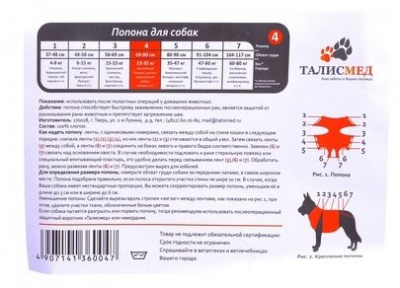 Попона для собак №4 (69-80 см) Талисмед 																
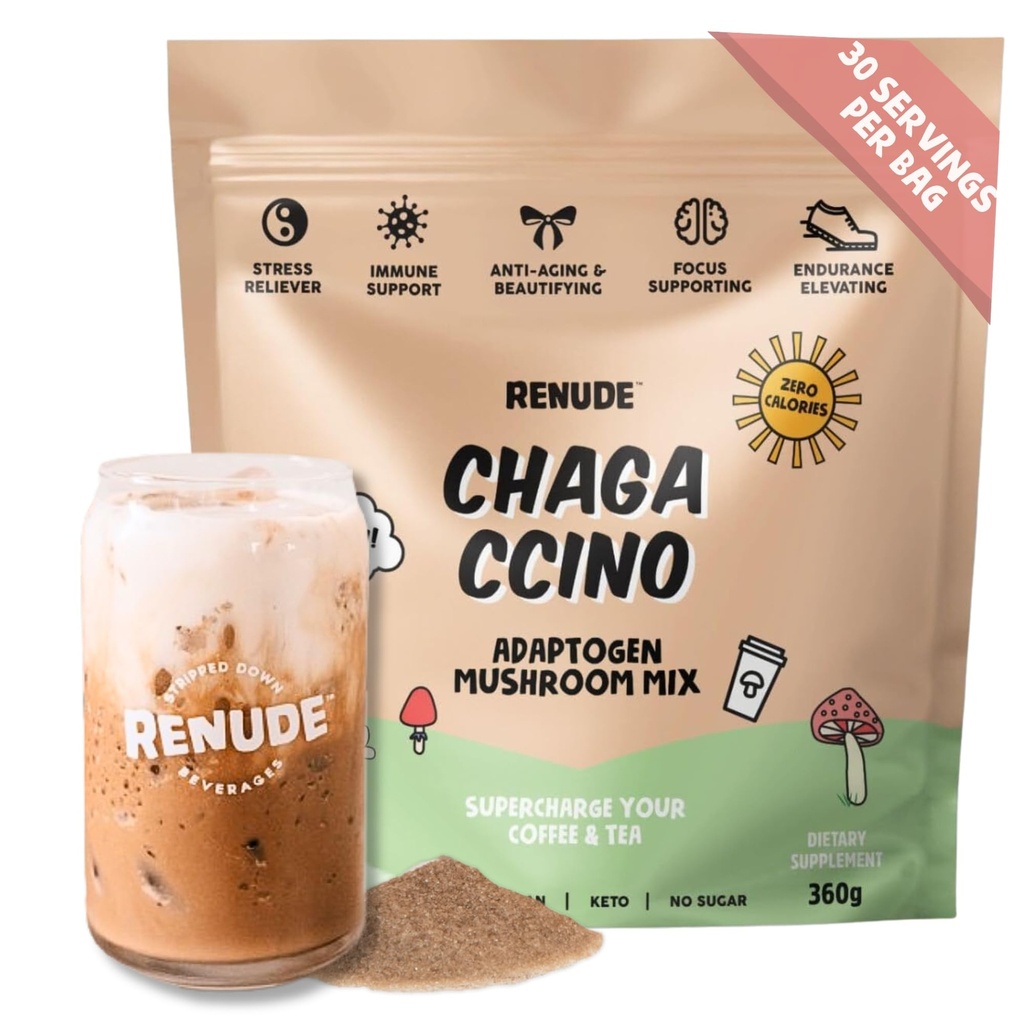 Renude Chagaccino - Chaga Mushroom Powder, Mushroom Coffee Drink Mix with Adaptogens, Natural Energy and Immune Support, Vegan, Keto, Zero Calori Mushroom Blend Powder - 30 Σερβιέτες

* * *

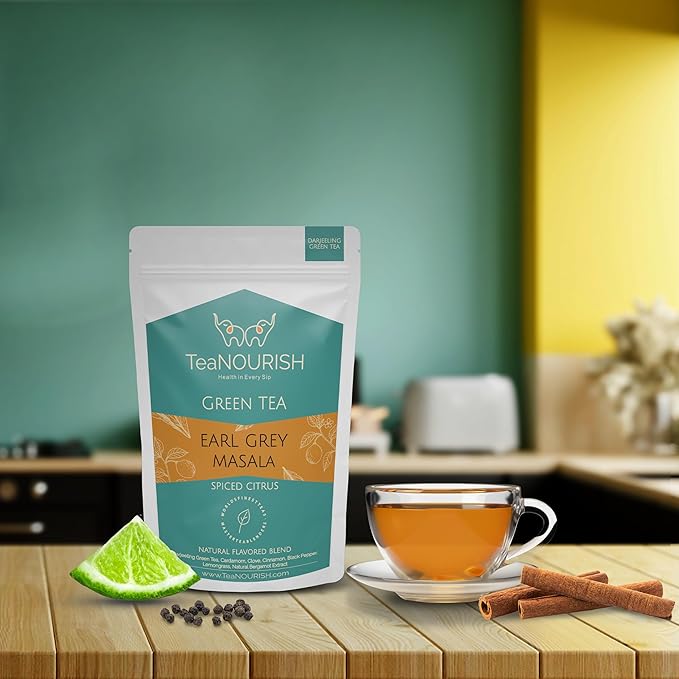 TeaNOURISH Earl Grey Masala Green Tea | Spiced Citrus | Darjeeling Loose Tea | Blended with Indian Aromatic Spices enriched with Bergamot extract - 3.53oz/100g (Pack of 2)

What you will do
Start with the line above containing "Попона для собак" and end with the line containing "Renude Chagaccino - Chaga". Set down that stretch exactly, without any pictures.

Answer to this task
 Попона для собак №4 (69-80 см) Талисмед 																
 Renude Chagaccino - Chaga Mushroom Powder, Mushroom Coffee Drink Mix with Adaptogens, Natural Energy and Immune Support, Vegan, Keto, Zero Calori Mushroom Blend Powder - 30 Σερβιέτες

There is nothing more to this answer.